[Work required] Your task is to restate word for word the lines in the material below, from the one with "BIJOUX TERNER Women’s" up to and including the one with "Nutty Collection chocolate". Do not carry over the pictures.

[Excerpted records]
----

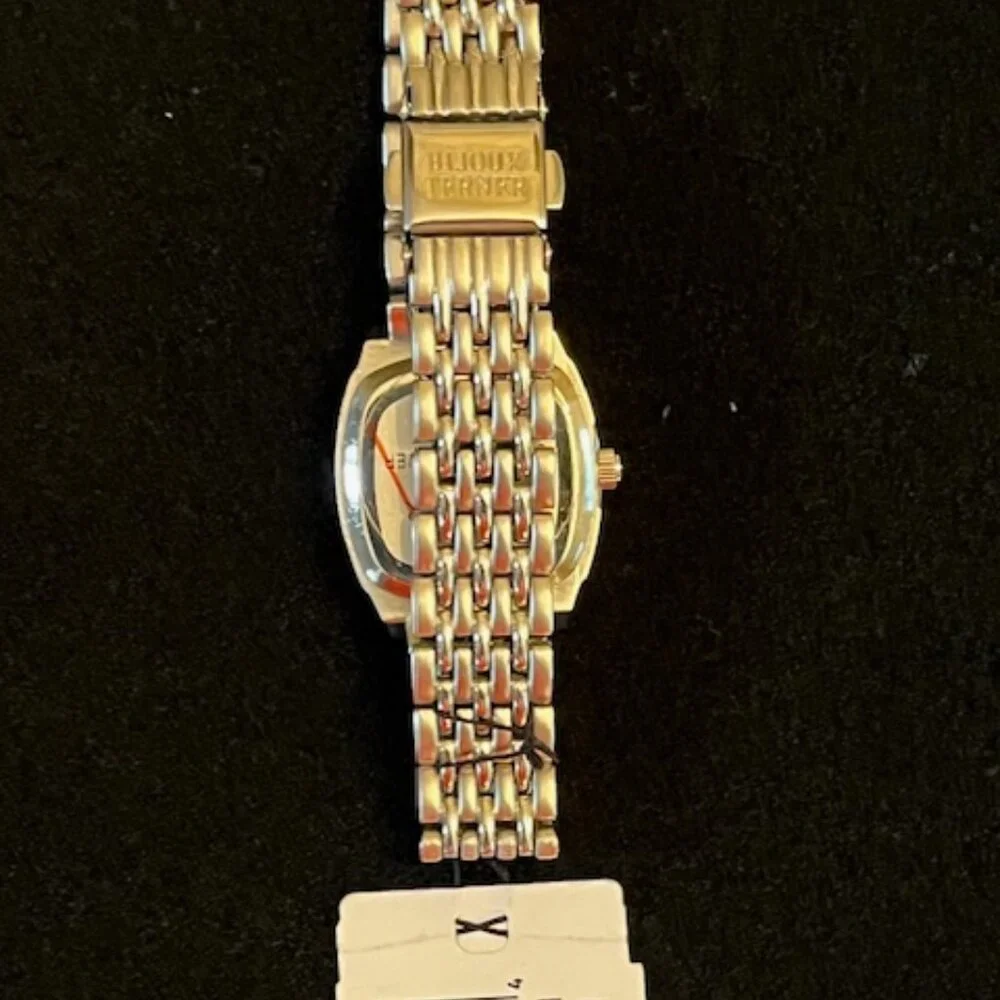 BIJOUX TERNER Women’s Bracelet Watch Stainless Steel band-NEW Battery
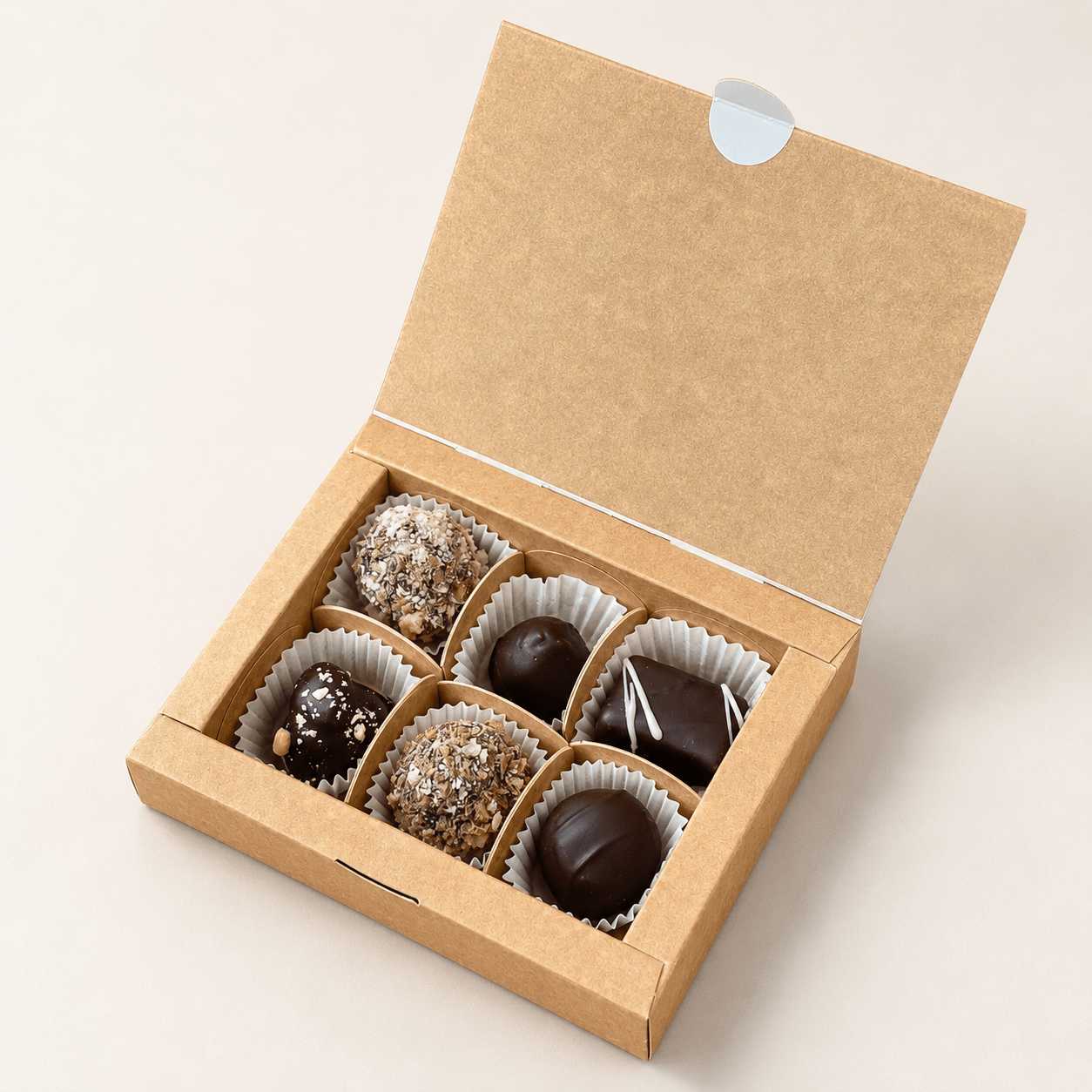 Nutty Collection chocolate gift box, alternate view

----

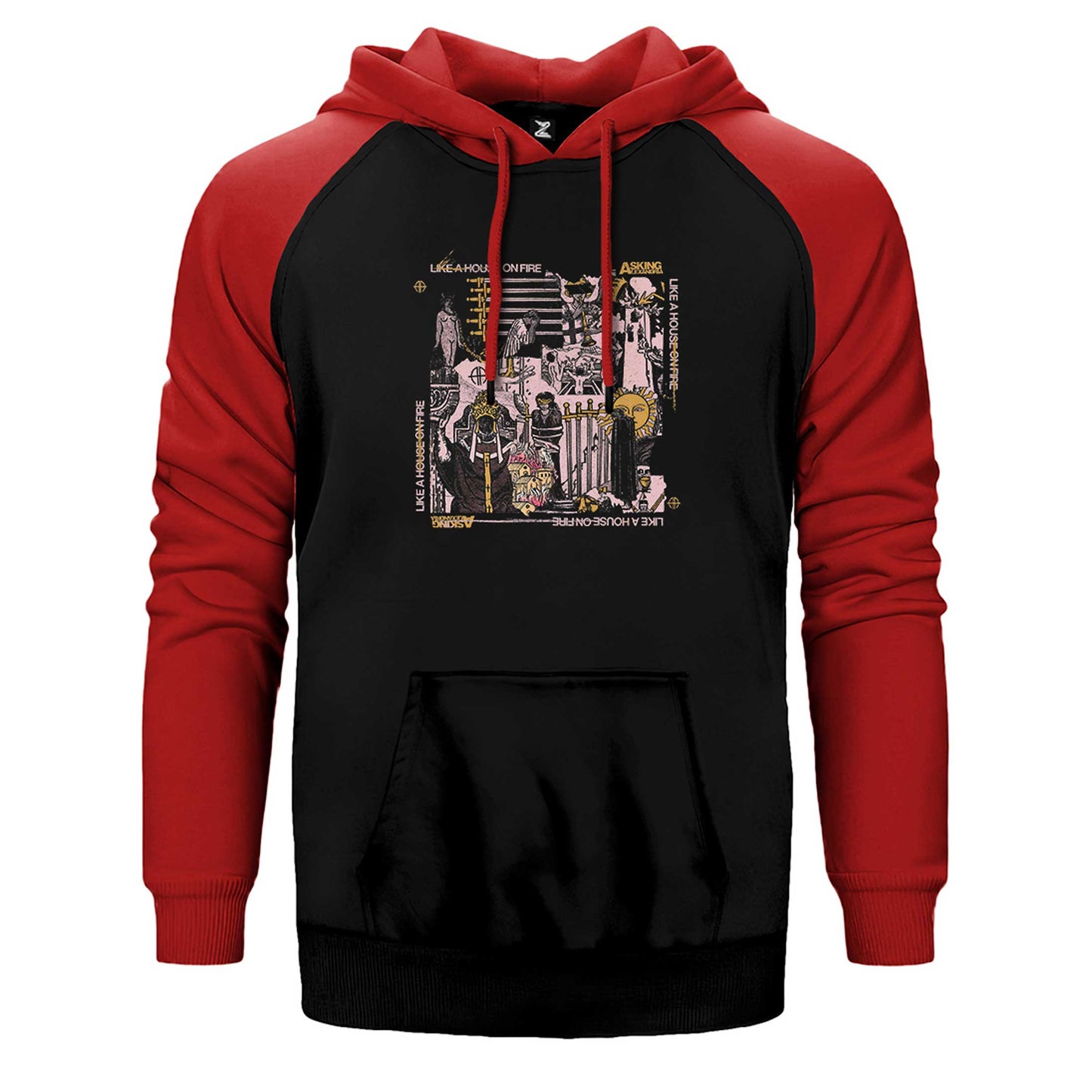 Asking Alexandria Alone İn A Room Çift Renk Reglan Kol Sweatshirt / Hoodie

----

[Output for this task]
 BIJOUX TERNER Women’s Bracelet Watch Stainless Steel band-NEW Battery
 Nutty Collection chocolate gift box, alternate view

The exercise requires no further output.